What is interesting is that we specifically consulted with cosmos DB folks on this - since the SDK does not have built in support for cross partition queries we manually added the required headers (via the policy options) to enable cross partition queries.

Worth investigating further why that isn't working.

github-actions[bot] commented 1 year ago

This issue has been automatically marked as stale because it has not had activity in the last 30 days. It will be closed in the next 7 days unless it is tagged (pinned, good first issue, help wanted or triaged/resolved) or other activity occurs. Thank you for your contributions.

joshuadmatthews commented 11 months ago

+1 for fixing this

berndverst commented 10 months ago

I reached out to the Azure CosmosDB service team to get their thoughts on our implementation and why this could be happening.

berndverst commented 10 months ago

There is a possibility that this cannot be fixed and we actually would need to remove Query API support for CosmosDB. This is a possibility given the Alpha status.

We may need to reimplement query support entirely to do the following:

This is a lot of work, especially for an API that we do not plan to bring to Beta or Stable.

berndverst commented 10 months ago

Another option - and this is probably the easiest:

  1. Check whether there is only a single partition
  2. If 1 partition: perform query with the native SDK method - not our custom code.
  3. Otherwise, throw an error -- we will not support cross-partition queries.

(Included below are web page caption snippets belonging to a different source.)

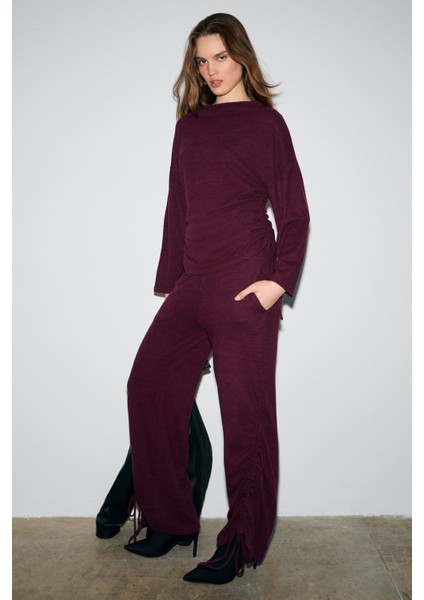 KANDIAS Kadın Yumuşak Ve Esnek Dokulu Yanlardan Fonksiyonel Büzgülü Bordo Eşofman Altı modelleri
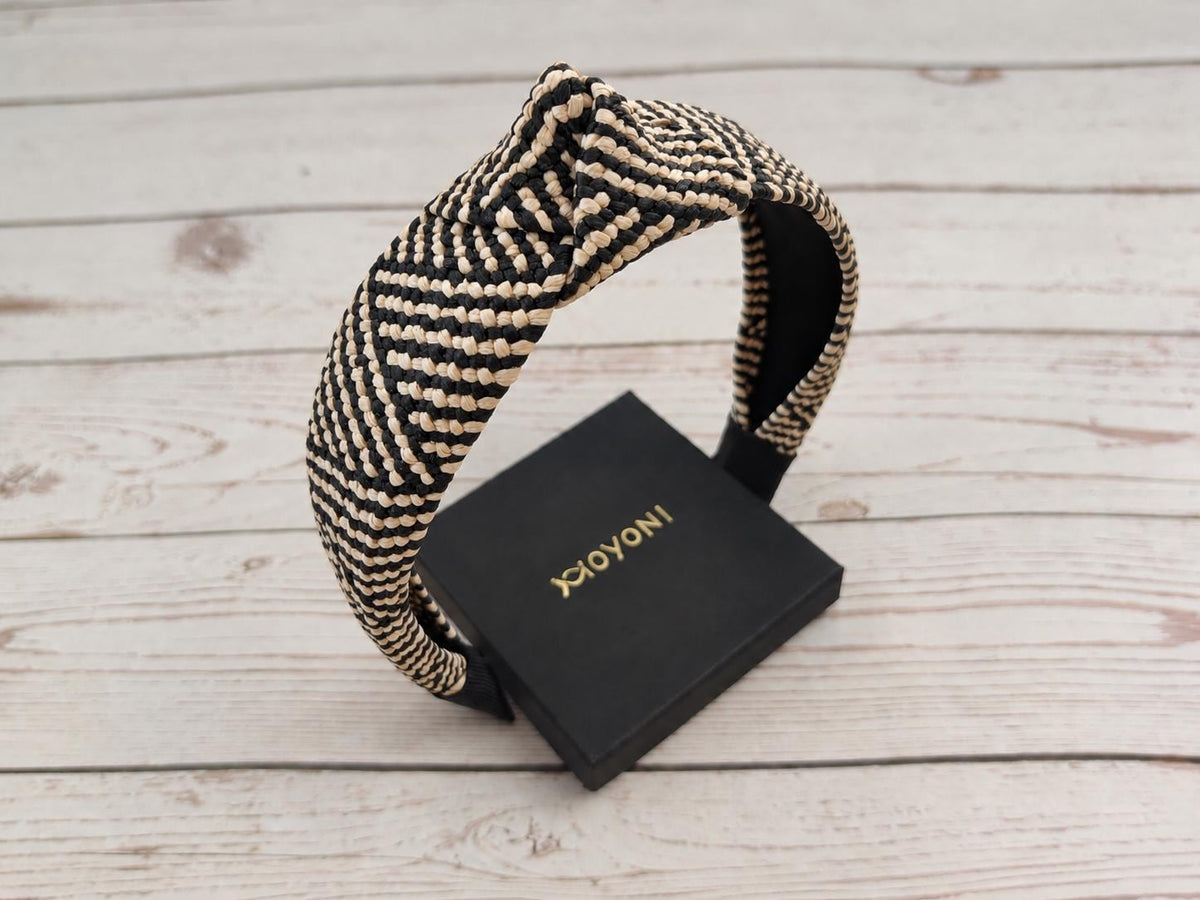 Black & Cream Woven Headband, Natural Raffia Knotted Headband, Wide Straw Hairband, Boho Summer Hair Accessory for Women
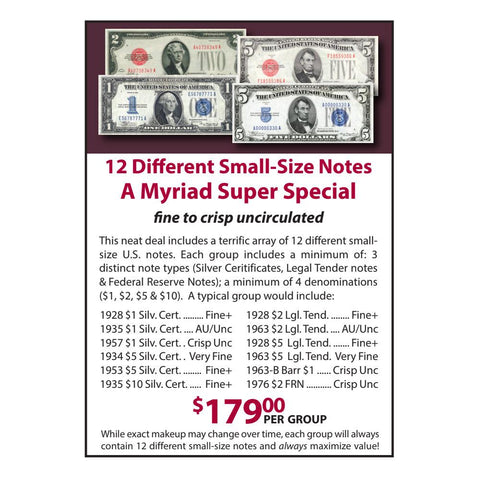 12 Different Small-Size Notes - A Myriad Super Special - Fine to Crisp Unc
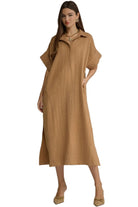 Entro Women's Camel Solid Short Sleeve Midi Dress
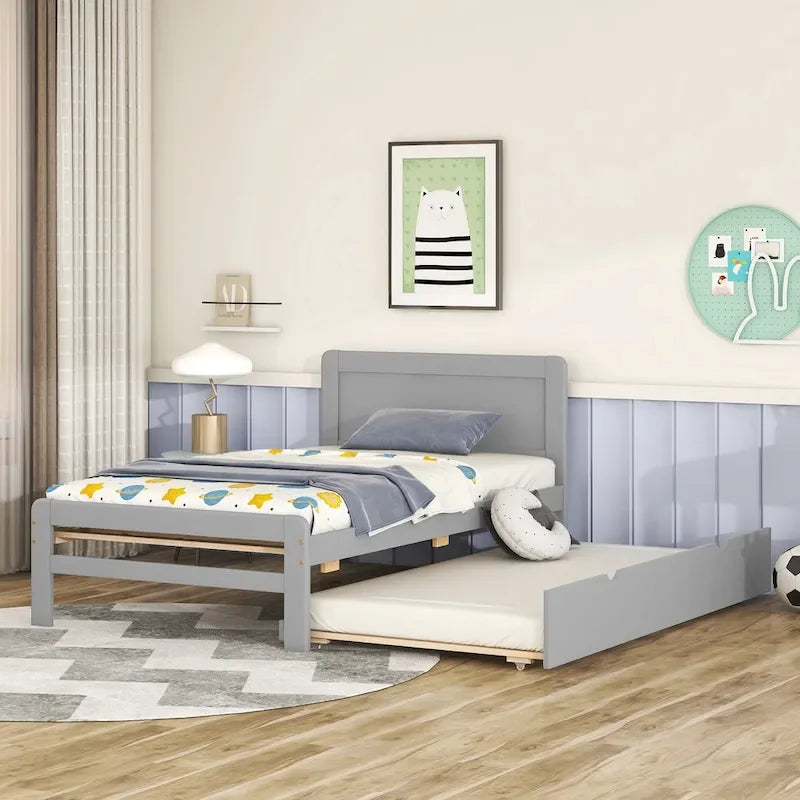 Twin Rubber Wood Platform Bed with Trundle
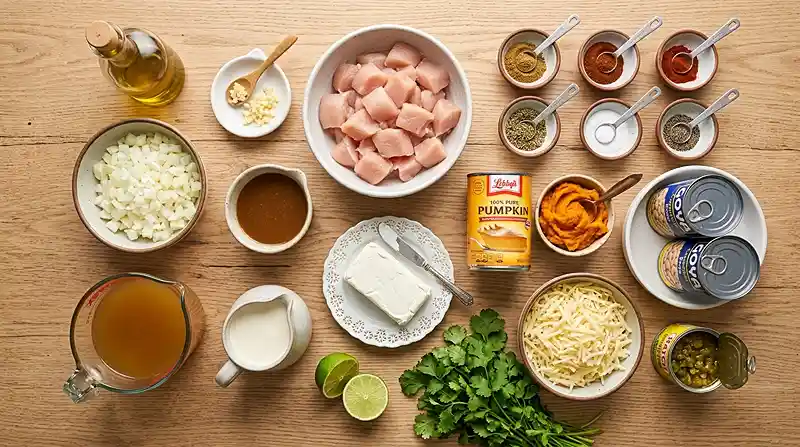 Creamy White Chicken Pumpkin Chili 2 cozy chili recipe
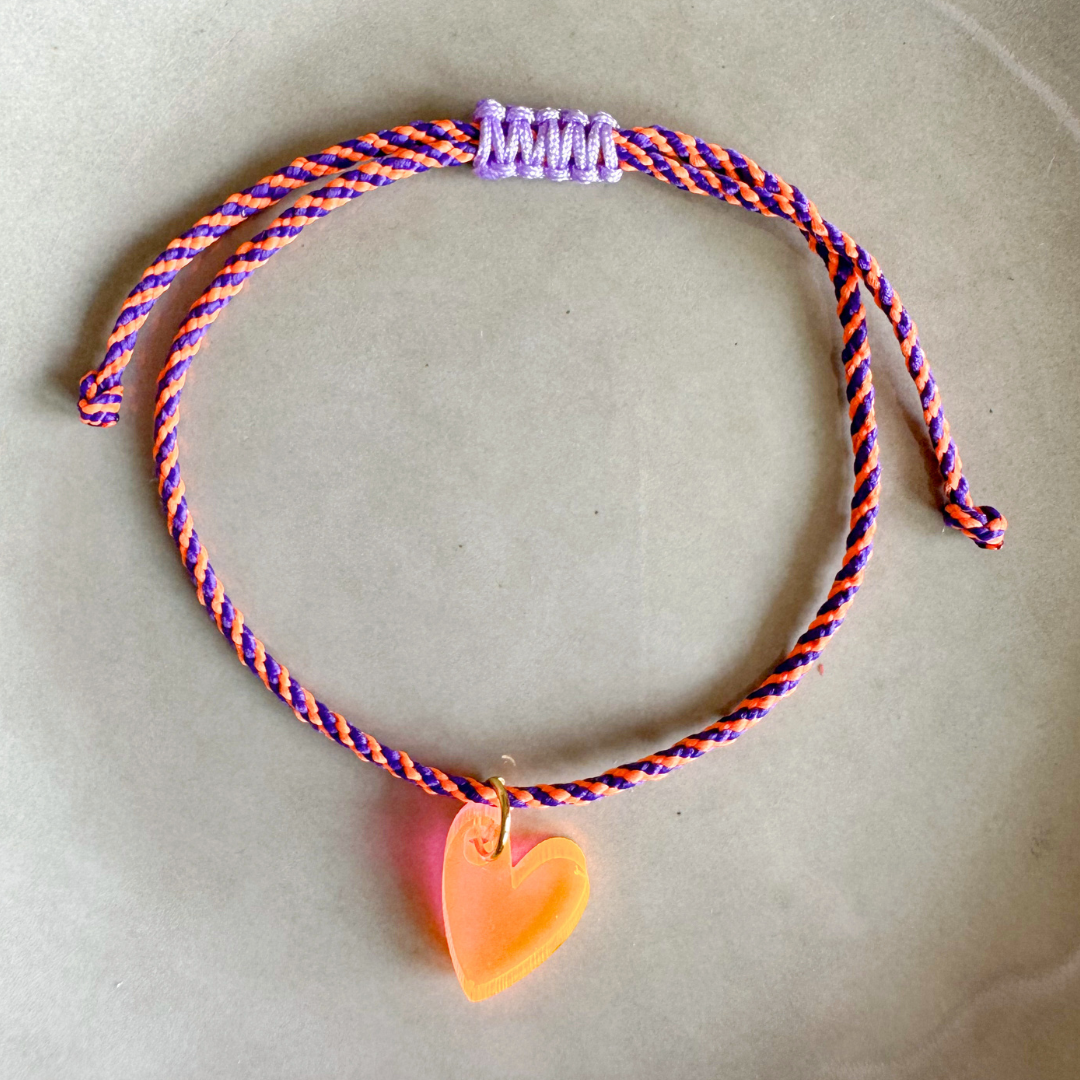 Armband Lume Charms | Heart Neon Orange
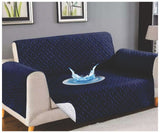 Waterproof Ultrasonic Quilted Sofa Cover Navy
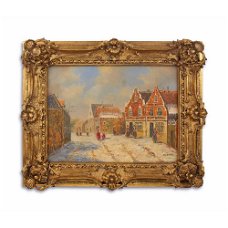 Olieverf schilderij in lijst,winters stadsgezicht-kunst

This approach might be acceptable because nobody should be using an Alpha component in a production scenario with multiple partitions.

joshuadmatthews commented 10 months ago

I’d vote for an actual fix. Cross partition queries are certainly supported in Cosmos, it would be nice for them to work with Dapr.

berndverst commented 10 months ago

I’d vote for an actual fix. Cross partition queries are certainly supported in Cosmos, it would be nice for them to work with Dapr.

@joshuadmatthews cross-partition queries are not supported in the CosmosDB GO SDK and the Azure SDK team has no plans to implement this in their roadmap. Cosmos DB does not perform these queries server side but does so manually in the SDK with lots of manual code to aggregate and sort things in memory. You can read all about it if you go to the Azure SDK repos. That is too much work for Dapr however.

So the choices are single partition only, removing the Query support entirely, or possibly a rudimentary support where we send the same query to each partition but will not perform any further aggregation, sorting or filtering in Dapr.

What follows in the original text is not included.